Re: A new idiom -or- I Hate Unless
by Juerd (Abbot) on Aug 23, 2004 at 09:09 UTC

    I agree. I always try to write error handlers using "or". Preferably with "or die", but "or do" isn't a problem. But it is certainly not now. I have been doing this for just over a year now, but I have copied it from someone else.

    In my style guide is:

    Error checking is done using or. This means open or do { ... } instead of unless (open) { ... } when handling the error is more than a simple statement.

    Juerd # { site => 'juerd.nl', plp_site => 'plp.juerd.nl', do_not_use => 'spamtrap' }

Re: A new idiom -or- I Hate Unless
by Aristotle (Chancellor) on Aug 23, 2004 at 10:50 UTC

    As it has been mentioned, this isn't a new idiom at all. We have forever been saying open $fh, $mode, $file or die "Can't open $file: $!", and of course, that same approach generalizes to any kind of error handling.

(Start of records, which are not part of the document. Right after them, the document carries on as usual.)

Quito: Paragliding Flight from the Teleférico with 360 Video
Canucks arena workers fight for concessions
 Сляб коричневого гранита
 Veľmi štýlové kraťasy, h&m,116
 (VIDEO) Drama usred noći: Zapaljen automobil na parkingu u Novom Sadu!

    This is one of the facets of Perl's adherence to linguistic principles. (I think Larry mentions that in his essay about the subject.) It tries to let the programmer arrange expressions in whichever way he deems necessary to stress the really important part. That's why we have the statement modifiers, for example. next if $long_and_complex_conditional_here is a familiar and beloved sight in Perl code; I often cringe when I'm in C world and have to arrange the same thing the other way around.

    That is no particular reason to hate unless, of course. if vs unless is just another of these facets: it lets you build expectations appropriately. I use unless when I expect that the condition will only rarely be true. For me, if not is an indication that the condition will tend to go either way, or even be true more often than not — the opposite of the same thing expressed with unless.

    Makeshifts last the longest.

Re: A new idiom -or- I Hate Unless
by YuckFoo (Abbot) on Aug 23, 2004 at 17:30 UTC
    unless always reminds of the M*A*S*H episode where a bomb lands in camp unexploded. Hawkeye(?) and Radar(?) attempt to diffuse it. It's the old 'which wire to cut first' routine. Radar is reading the defuse instructions to Hawkeye:

    Cut the red wire...

    *SNIP*

    ...but first cut the blue wire.

    And hilarity ensues. Unless I am trying to write Perl comedy, I have no use for it.

    do_it() or do { something_else(); will_do_fine(); };

    YuckLess

      I remember seeing the same joke (more or less) in King of Queens. Arthur is reading a phone number aloud one digit at a time, and Doug is dialing it.

      A: Two,
      D: (dials)
      A: three,
      D: (dials)
      A: nine,
      D: (dials)
      A: six,
      D: (dials)
      A: -teen...

      I should have known it had a long history.

      Re: Perl's "unless", I use it very rarely, and only in the postfix form.

      I believe it was Hawkeye and Trapper who tried to defuse the propaganda bomb. I think it was colonel Blake who read, with Radar right next to him (as usual). But I'm not quite sure.

      ihb

      Read argumentation in its context!